More than 100 Oregon prison inmates in 13 Oregon prisons, are currently enrolled in the 2013 session of Oregon State University Extension Service Master Gardener class including 12 inmates at Snake River Correctional Institute in Ontario.
The unique program, initiated by Lettuce Grow, a non-profit organization, partners with the OSU Extension Service to offer the master gardener curriculum.
Lettuce Grow, a volunteer organization, helps fill the gap left by budget cuts in prison vocational programs. The organization trains volunteers to garden with inmates, educates inmates in sustainability and organic gardening practices, and encourages correctional facilities to donate a portion of harvests to local food banks.
“This program that is in its earliest stages will allow us to give inmates the opportunity to take care and maintain something other than themselves,” Bill Doman, correctional rehabilitation service manager, said. “Many of these individuals have not had this opportunity in the past, and this will give them valuable skills that they will hopefully use on their re-entry into society.”
Fifty-four inmates have graduated from the program in its first three years. Inmates who complete the master gardener course and pass the final exam earn a Certificate of Home Horticulture.
“The professional home horticultural certificate is a plus for job seekers in the nursery, landscaping and farming industries,” according to Sarah Patterson, director of the Lettuce Grow board. “And many of those 54 graduates, who were released from prison, are stepping up to complete their volunteer service hours, a requirement to qualify for a full OSU Master Gardener designation.”
Lettuce Grow also partners with the OSU Extension and Oregon Food Bank to offer “Seed to Supper,” a more basic horticulture class at the Columbia River Correctional Facility in northeast Portland. Patterson said more than 350 inmates have completed the Seed to Supper class over the past four years. Master gardeners and other volunteers help present the sustainable gardening classes to inmates. Seed to Supper has become is a prerequisite for the Master Gardener class at the Columbia River Correctional Prison. Patterson commented that both the master gardening and the seed to supper classes have waiting lists.

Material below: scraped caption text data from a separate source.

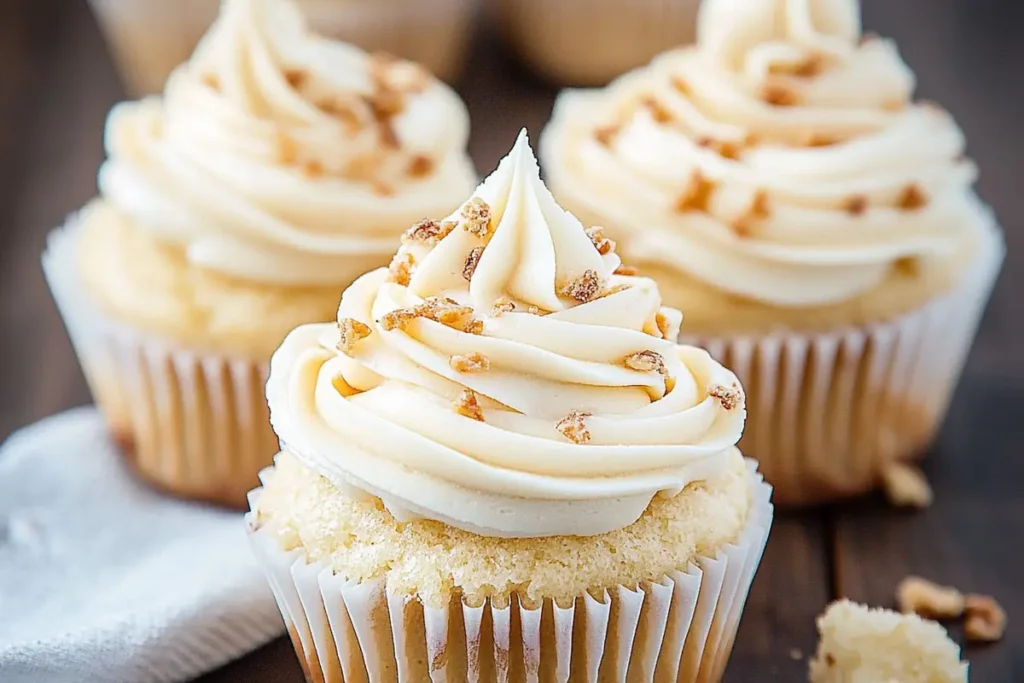 Fluffy whipped cream frosting on a cake.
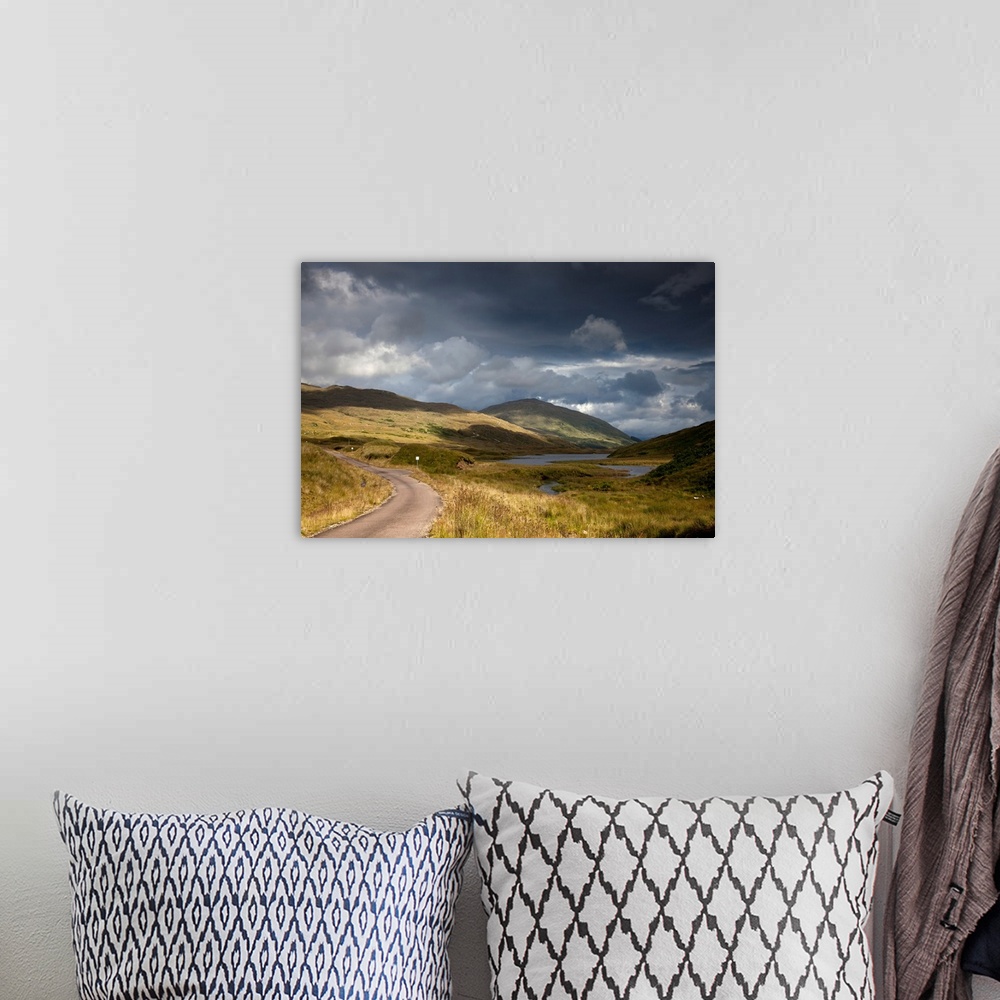 A bohemian room featuring A Road Curving Through A Mountainous Landscape. Ardnamurchan, Argyl, Scotland.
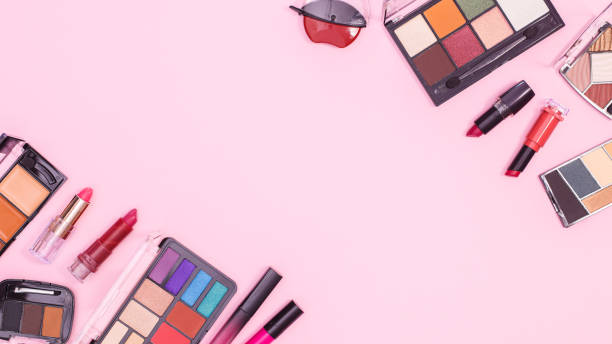 istock Colorful make up products layout on pastel pink background with copy space. Flat lay 1415965900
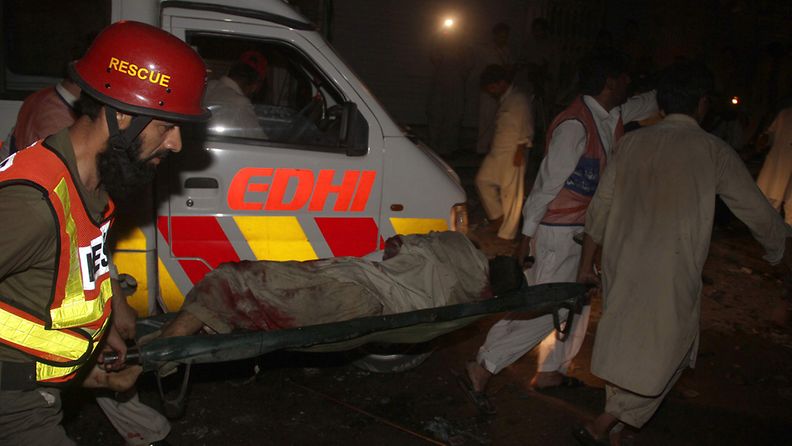 Pelastustyöntekijät kuljettavat haavoittuneita hoitoon Peshawarin pommi-iskujen jälkeen 12.6.2011. EPA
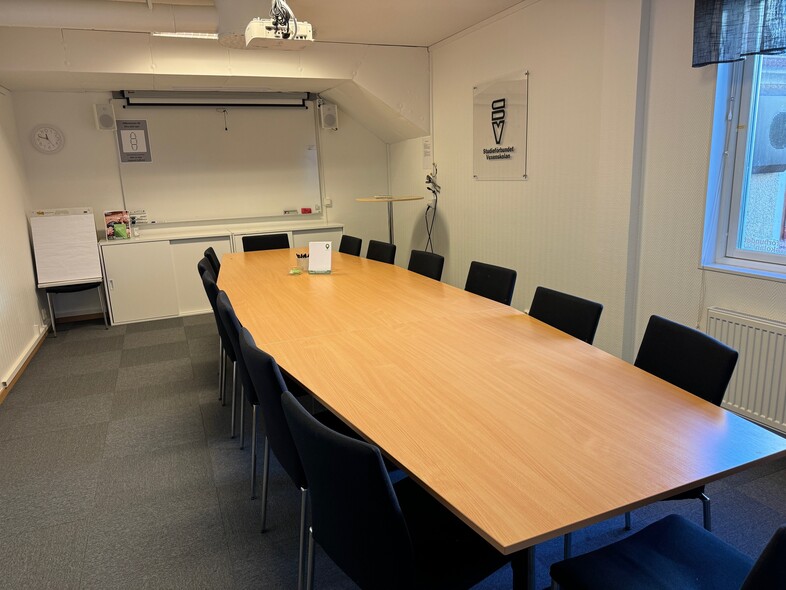 Ett modernt konferensrum med långbord, svarta stolar, whiteboard och fönster.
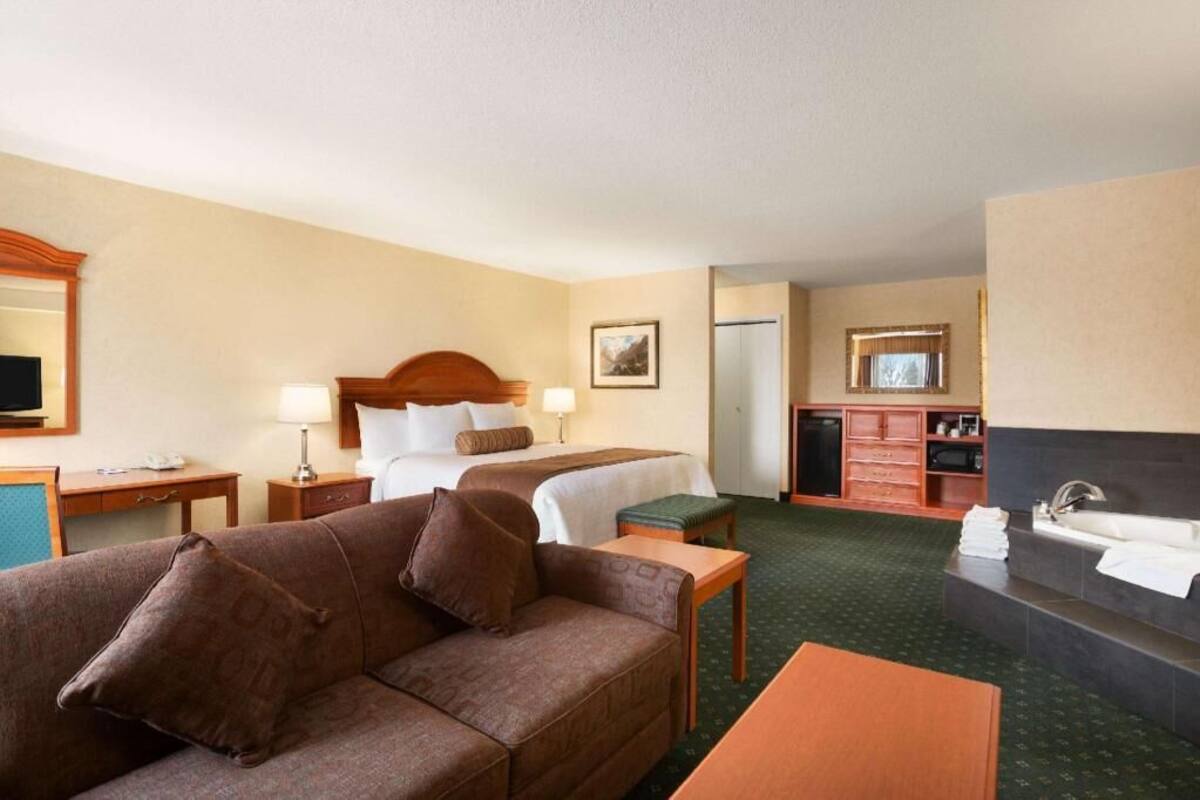 Habitación de hotel con cama, sofá, escritorio, cómoda, espejo y baño.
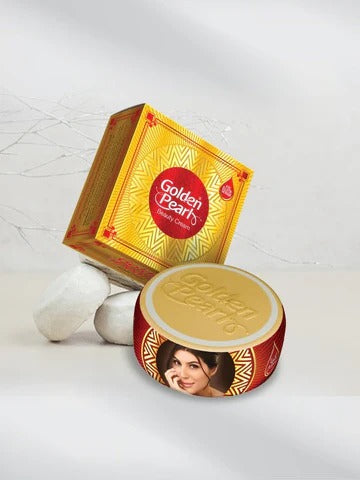 Shimmer Cream 1 jar and its matching yellow and red packaging box, styled with three white pearls on a light gray marble-textured background.
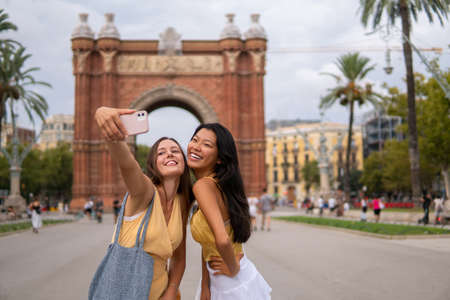 Stylish female travelers taking selfie in cityの写真素材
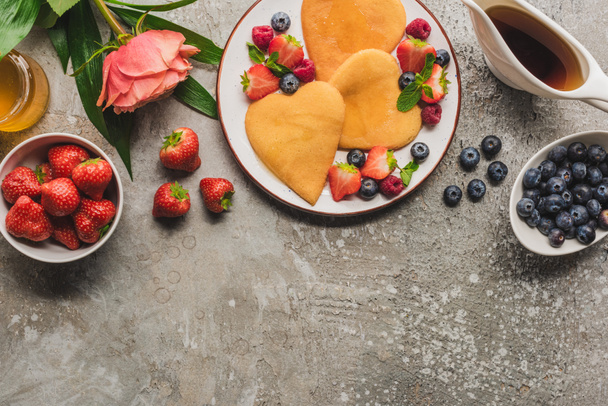 top view of heart shaped pancakes with berries on grey concrete surface with blooming rose, honey and maple syrup - Foto, Imagen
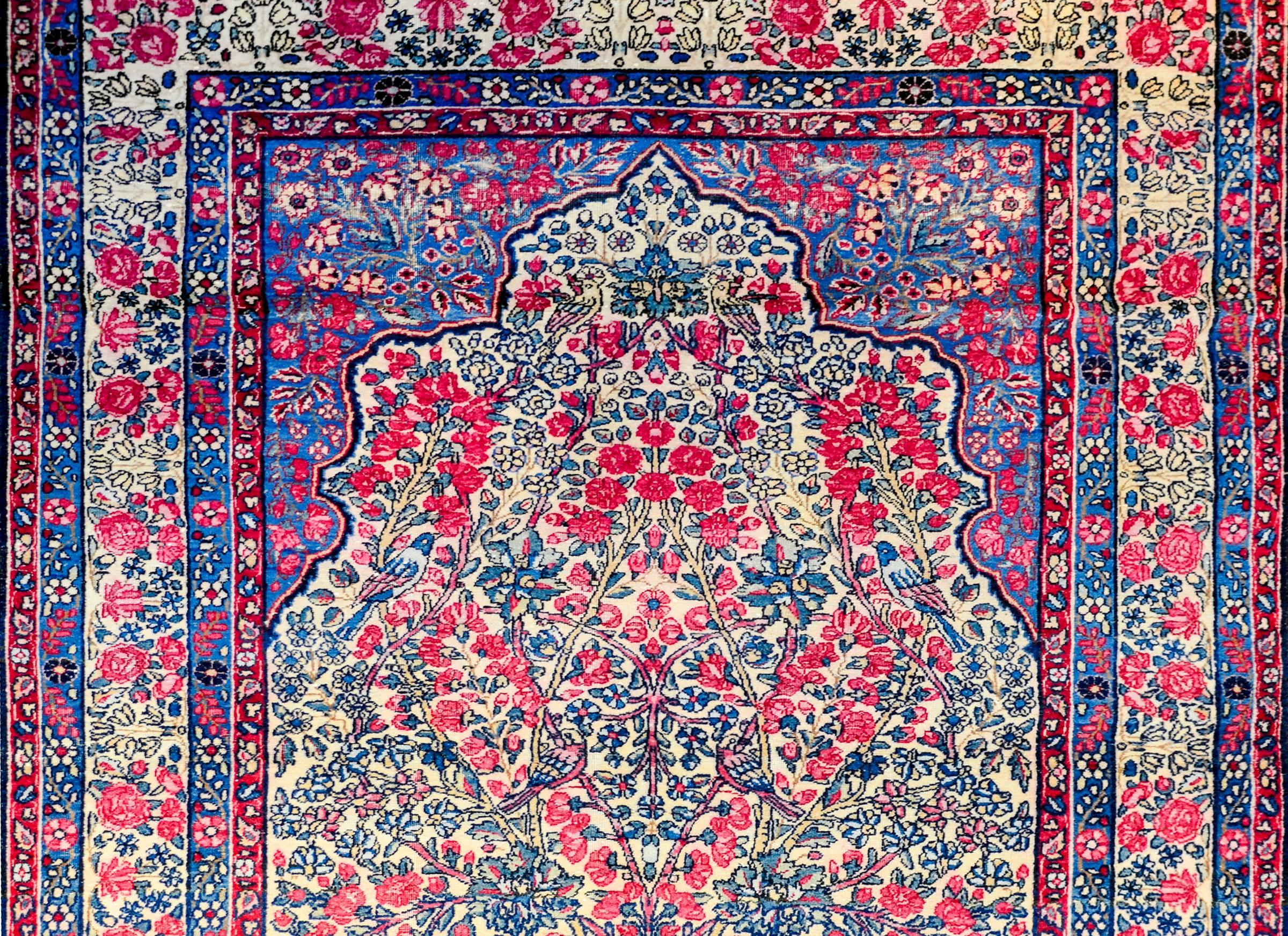 A beautiful early 20th century Persian Lavar Kirman prayer rug with a wonderful densely woven tree-of-life containing myriad variety blossoming flowers amidst a field. The border is typical, with a densely woven floral and leaf pattern, flanked by
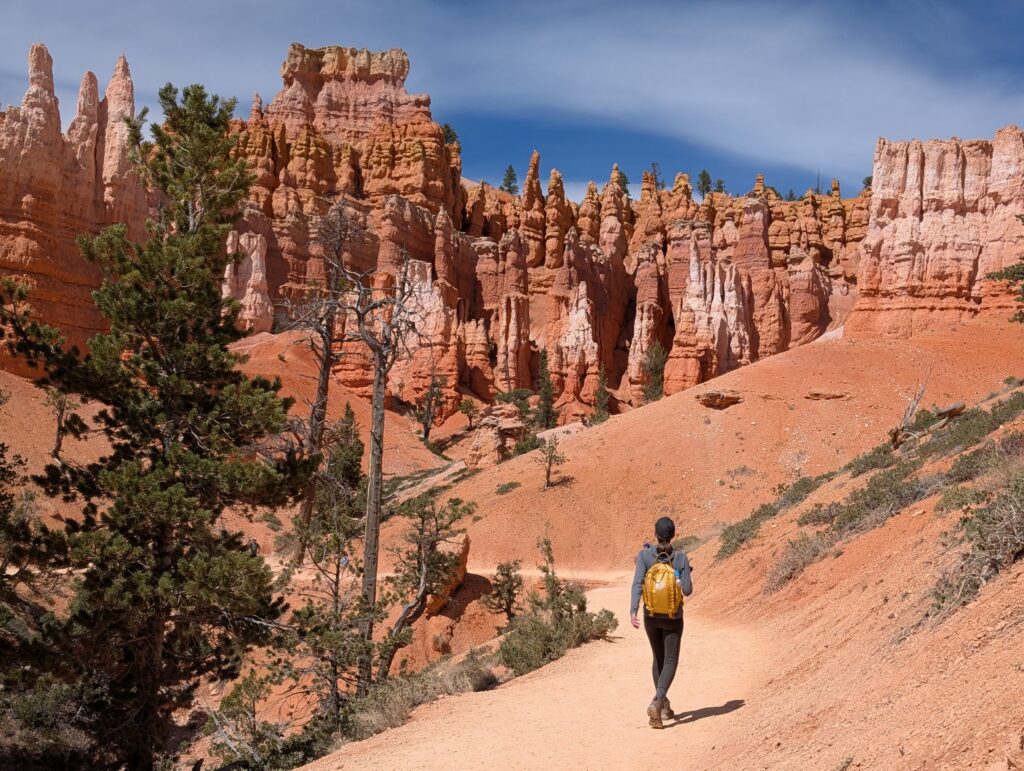 A hiker walking along a sandy path with orange and white rocks at Bryce Canyon
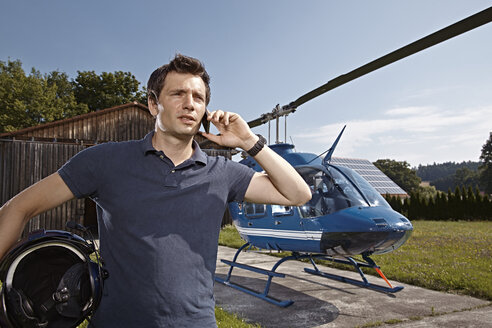 Germany, Bavaria, Landshut, Helicopter pilot using mobile phone - KDF000067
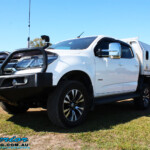 Left front side view of a White Holden RG Colorado Dual Cab after fitment of a Superior Remote Reservoir 2" Inch Lift Kit, Superior Chassis Brace/Repair Plate, Airbag Man Leaf Air Kit & Clearview Towing Mirrors
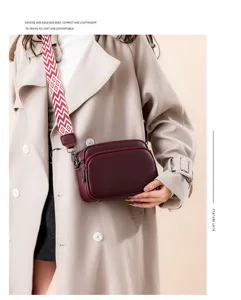 Stylish women's leather crossbody bag with wide patterned strap for daily casual commuting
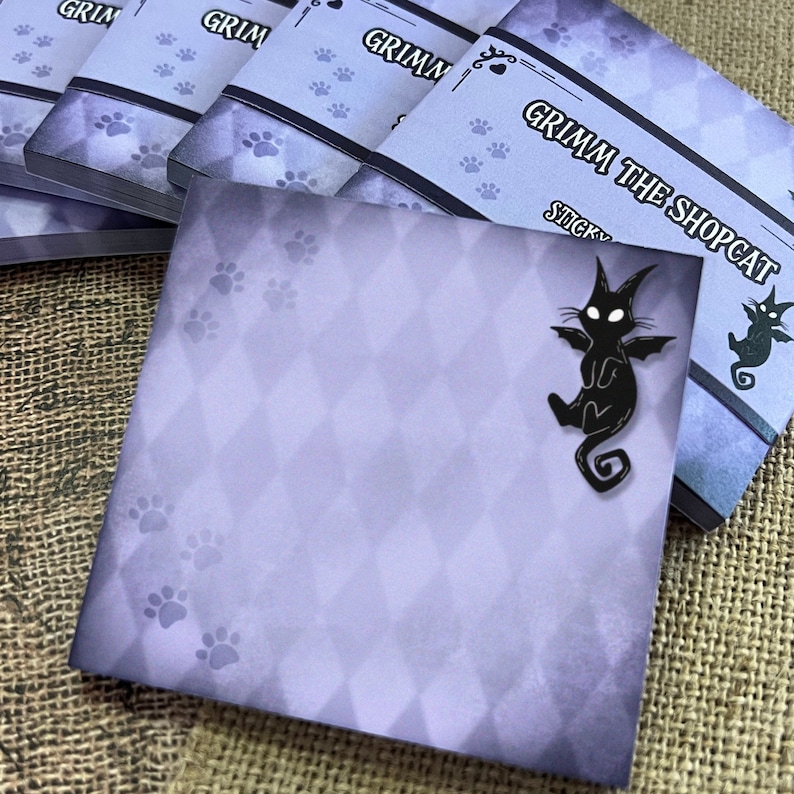 May include: Stack of sticky notes with a light purple diamond pattern and paw prints. The notes feature a black cat graphic with the text "Grimm the Shopcat". The background is a burlap texture.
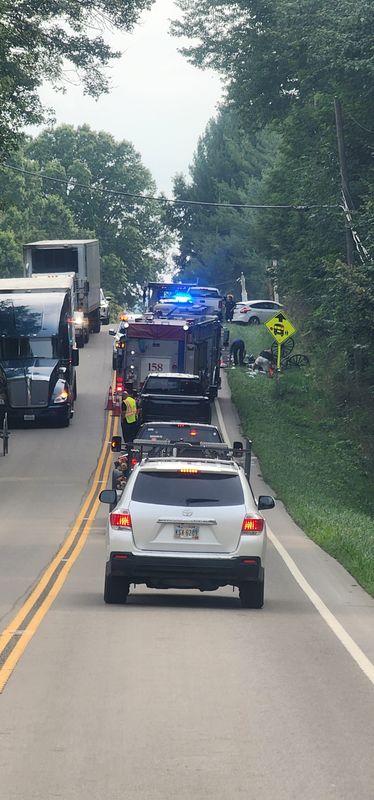 An Amish woman in a horse-drawn buggy was hurt when a pickup trying to pass on U.S. Route 62 sideswiped her buggy, totaling the buggy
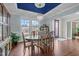 Dining room with hardwood floors, a window view, and decorative elements at 1104 Covered Bridge Trl, Chapel Hill, NC 27517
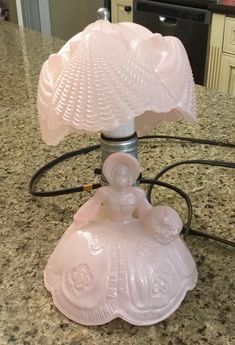 a pink lamp sitting on top of a counter next to an oven and stovetop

Oregon State University’s ECampus donated the curriculum for use by Lettuce Grow programs.
Lettuce Grow provides inmates with course handbooks and DVDs for the class, Lettuce Grow volunteers to work on-site in the classrooms and prison gardens. In 2012, Oregon’s prison gardens produced over 200,000 pounds of food.
Lettuce Grow works with the national Sustainability in Prisons Project (SPP) at Evergreen College in Washington State. Patterson recently presented the Lettuce Grow program at the national SPP conference at Evergreen and at a workshop at the national Green Prisons conference in Indianapolis in October 2012.